As a Black person, I do not have the privilege of walking into Jewish spaces and have it be assumed that I belong. I’ve sadly grown accustomed to seeing the surprised and fearful expressions that initially flash across a person’s face when I enter a Jewish space, and the line of questioning that accompanies why I am there. But there are new questions now after Oct. 7, because the assumption is that my skin color comes with a set of beliefs about this conflict that would either grant me entry, or have the door shut in my face.

I am used to the reactivity that comes when the white-presenting Jewish community goes into “self-protection” mode after incidents of antisemitism or anti-Jewish bias. Yet this time feels different because of the pressure to have the “right view” on the war in Gaza to move through mainstream Jewish spaces.

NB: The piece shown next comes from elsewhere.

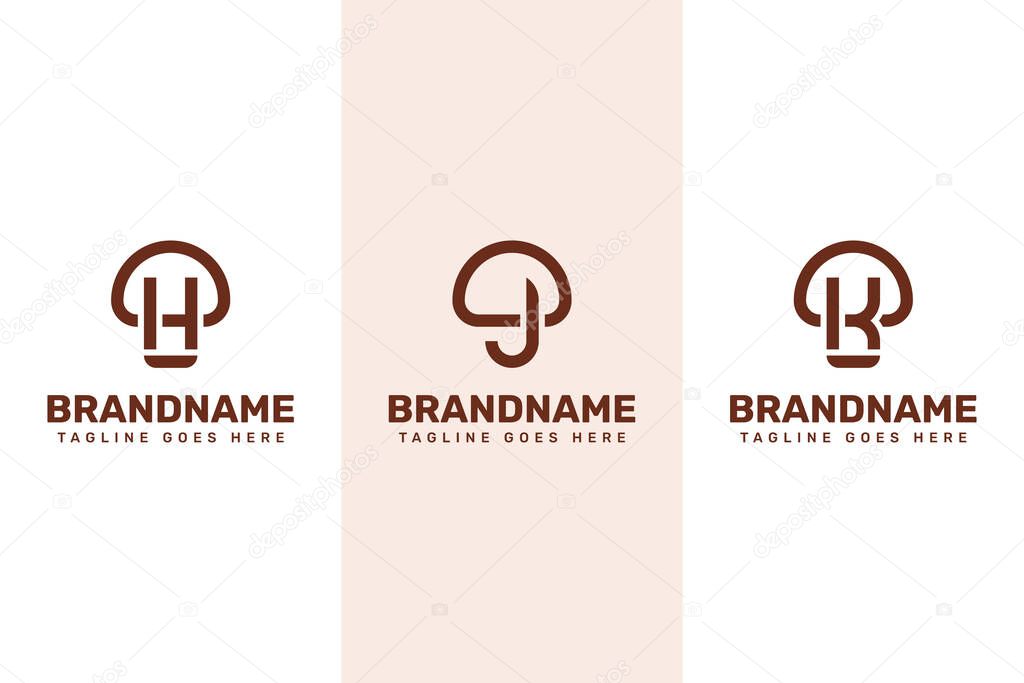 Letter H J K Mushroom Logo, symbolizing nature, growth, and creativity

While all Jews are feeling this pressure to some extent, there is an increased focus on Black Jews to ensure that the external tensions between Black and Jewish communities on Israel won’t become an internal tension as well. There is a demand for Jews like me to “decide” if we are Black or if we are Jewish, as if these identities are not intertwined. 

Since Oct. 7, I have heard Jewish leaders say that they can no longer support the communities of color they had previously worked with because they did not fall into ideological lockstep with the Jewish community about which side they should be on in the Israel-Gaza war. It feels like many Jewish folks have seemingly thrown out all of the tools they gained from the anti-racism books they’d read and the trainings they’d attended, and fallen back into biased, victimized ways of thinking.

There is a renewed tendency to place conditions on Jewish allyship with non-white people, and increasingly the choice to burn bridges that we as American Jews desperately need to build. As a Black Jew, it is especially hard to hear this rhetoric and witness the degradation of relationships with these communities, because those communities are my communities too.

The challenges of being a Black Jew did not begin on Oct. 7. My eldest children are 16 and 15 years old, and they have been called the N-word (in English and Hebrew) more often in their young Jewish day school lives than I have in the entirety of mine. When they suffer racist insults at Jewish camp and school, there is a part of me that feels ashamed for having chosen to raise them in communities that have done them so much harm, and another part that feels blessed to have participated in the work that so many of my fellow Jews are doing to make their communities more welcoming and inclusive. That is why it is especially heartbreaking now to witness so many Jewish leaders expressing regret for including people that look like my family.

Whether we like it or not, Jews of color like me often serve as bridges who not only have challenging conversations in our Jewish communities, but also in the communities of color attached to our identities too. Sometimes those conversations dispel rumors, unravel conspiracy theories and get more people to see why we are stronger together. That bridging is made so much harder when Jewish leaders are so vocal about cutting ties and pushing those communities away.

There is a collection of Talmudic stories about the events leading up to the destruction of the Second Temple, and there’s one in particular I think about often. A man named Kamtza was on the guest list for a party, but his invitation was inadvertently sent to someone named bar Kamtza instead. When bar Kamtza arrived at the party he was approached harshly by the hosts, and despite offering to pay to remain, he was turned away from the party. To make matters worse, the Sages were reportedly witnesses to this scene, and did not intervene. 

Embarrassed and humiliated, bar Kamtza ran straight to the antisemitic Roman generals and told them that the Jews were traitors who were plotting a revolt. This lie was all they needed to raze the Second Temple to the ground.

This year has been different and we have to approach this holiday differently. We cannot be the Sages who watched as bar Kamtza was excluded, humiliated and shunned. It is not enough to mourn the destruction of our Temples if we aren’t going to focus on the Temples within our contemporary Jewish communities that are on the verge of collapse.